Ésta es sin duda una de las páginas más bellas y consoladoras de la Biblia, que refleja el inmenso amor y misericordia de Dios hacia el hombre pecador. Amor plasmado en el perdón sin límites y sin más condiciones que la de reconocer el pecado y volverse hacia Dios pidiéndole perdón sinceramente, convencidos de que ya no merecemos llamarnos hijos suyos.

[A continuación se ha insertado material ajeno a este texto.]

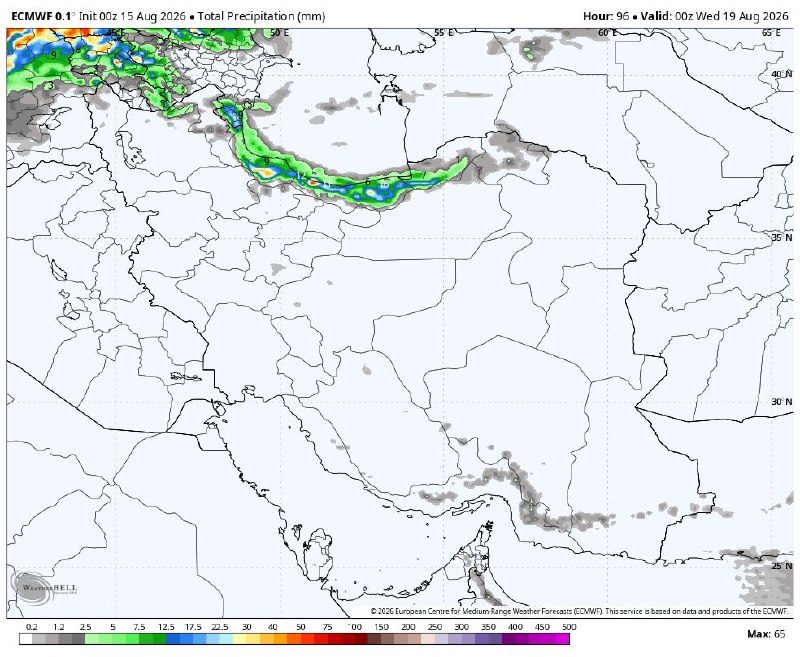 Persian weather: تجمعی بارش ۴ روز آیندهریزش هوای خنک و شروع بارش باران از امشب تا پایان فردا در سواحل جنوبی دریای کاسپین🌧☔️با پرشین وِدِر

Hemos de reconocer que en todos nosotros hay un hijo pródigo egoísta, que abandona fácilmente a su verdadero Padre Dios y su hogar, para malgastar con abuso los bienes que nos ha dado: vida, salud, tiempo, inteligencia, libertad, capacidad de amar, cuerpo, bienes, naturaleza…
Pero Dios, ante la ofensa, no reacciona con desprecio, enojo, venganza, desconfianza, condena, enemistad… Dios reacciona con amor, acogida, misericordia y perdón. Solo un Dios omnipotente e infinitamente misericordioso puede obrar así.

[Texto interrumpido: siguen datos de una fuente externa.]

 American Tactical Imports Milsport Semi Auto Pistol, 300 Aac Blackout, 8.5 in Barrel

Sin embargo, quien no reconoce su pecado ante Dios, se cierra al perdón. Y también se hace incapaz de perdón quien no perdona las ofensas recibidas de su prójimo. “Si ustedes no perdonan, tampoco serán perdonados” (Mt. 6, 14-15).
Pero el hombre no solo es pecador, sino también víctima del pecado. A Jesús le dolían y le duelen los pecadores, y por eso se mezclaba –y se mezcla hoy- con los pecadores, no para aprobar su pecado, sino para arrancarlos del pecado. Y se entrega por los pecadores.

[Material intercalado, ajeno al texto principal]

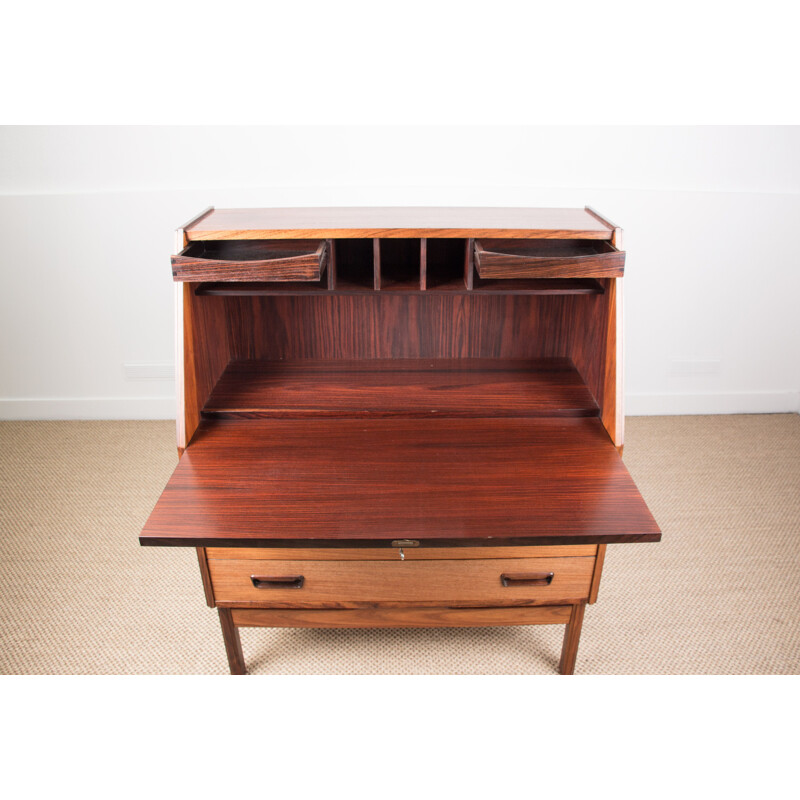 Vintage Danish secretary in rosewood by Dyrlund 1960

Como el padre del hijo pródigo exulta de gozo al recuperar a su hijo vivo, y organiza una gran fiesta, así se goza Dios cuando un pecador, hijo suyo, vuelve a él arrepentido. Jesús mismo lo declara: “Hay más fiesta en el cielo por un pecador que se convierte, que por noventa y nueve que no necesitan conversión” (Lc. 15,10).
Dios nos ama tanto como verdaderos hijos suyos que somos, y le duele inmensamente que no regresemos a él, nos perdamos y lo perdamos para siempre. Alegremos el corazón de Dios nuestro Padre y démosle motivos de fiesta, cuando le hemos dado motivo de tristeza con el pecado, que es volverle la espalda y abandonarlo.